Güncelleme Tarihi:
Selim KAYA/ DİYARBAKIR, (DHA)- DİYARBAKIR, Şanlıurfa ve Mardin üçgeninde, bin 955 metre yüksekliğinde ve 288 kilometrekarelik alanda bulunan Karacadağ, her mevsim aynı bir güzelliğe sahip.
Güneydoğu Anadolu Bölgesi'nin en yüksek dağlarından biri olma özelliğini taşıyan Karacadağ'da her mevsim ayrı bir güzellik yaşanıyor. Kış mevsiminde bol yağış alan Karacadağ'daki kayak merkezi, sınır olduğu Diyarbakır, Şanlıurfa ve Mardin ile bölgedeki vatandaşlara en güzel kış tatili geçirme imkanı sağlıyor. Kışın yağan kar, ilkbaharla birlikte eriyerek bereketli toprakları sulayarak yaşam kaynağı haline geliyor. Dereler, irili ufaklı göllere akarken, akış güzergahındaki ekili tarla ve canlı habitatına da can verirken, bu güzergahtaki özellikle pirinç tarlalarına da sıcak mevsimde can suyu oluyor. Karların erimeye başlamasıyla birlikte sonbahar mevsiminde, Doğu Anadolu yaylalarındaki göçerler, Karacadağ'ın verimli yaylalarına gelerek hayvanlarını burada otlatıyor. Yaşamları gibi ölümleri de göç yolunda olan göçerler, burada çadır kurarak, Karacadağ'ın verimli doğasından yararlanıyor. İlkbahar, yaz ve sonbahar mevsimlerinde göçerlerin akınına uğrayan Karacadağ'da, yılın 9 ayında 65 binin üzerinde küçükbaş hayvan bulunuyor. Bu sürülerden elde edilen sütler ise bölgedeki mandıralarda işletilip piyasaya süt, yoğurt, penir ve tereyağı gibi süt ürünleri olarak sürülüyor.

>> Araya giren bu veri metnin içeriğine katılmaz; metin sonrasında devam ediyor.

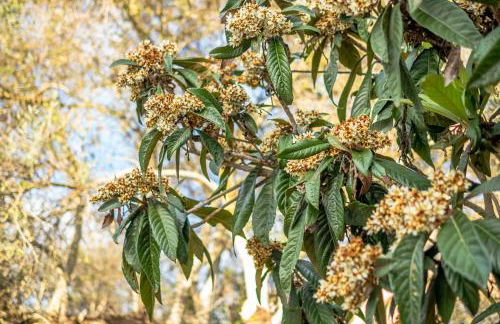 JB - Monte João Moleiro With Shared Pull - Photo 57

İlkbahar mevsiminin başlarında Karacadağ'ın zirvesine yerleşmeye başlayan Siverek'in İleri Köyü sakinlerinden Fatma Akalın, çadırda sürdürdükleri 9 aylık süre içerisinde Karacadağ'ın en güzel zamanlarını yaşadıklarını belirterek, "İlkbaharda karların erimesiyle beraber buralara geliyoruz. Sonbahar mevsimine kadar buradayız. Karacadağ'da bulunduğumuz süre içinde koyunlarımızı güdüyor, sütlerinden, yünlerinden faydalanıyor ve bu şekilde geçimimizi sağlıyoruz. Kış geldiği zaman da Şanlıurfa'nın Viranşehir İlçesi'ndeki düzlüklere gidiyoruz" dedi.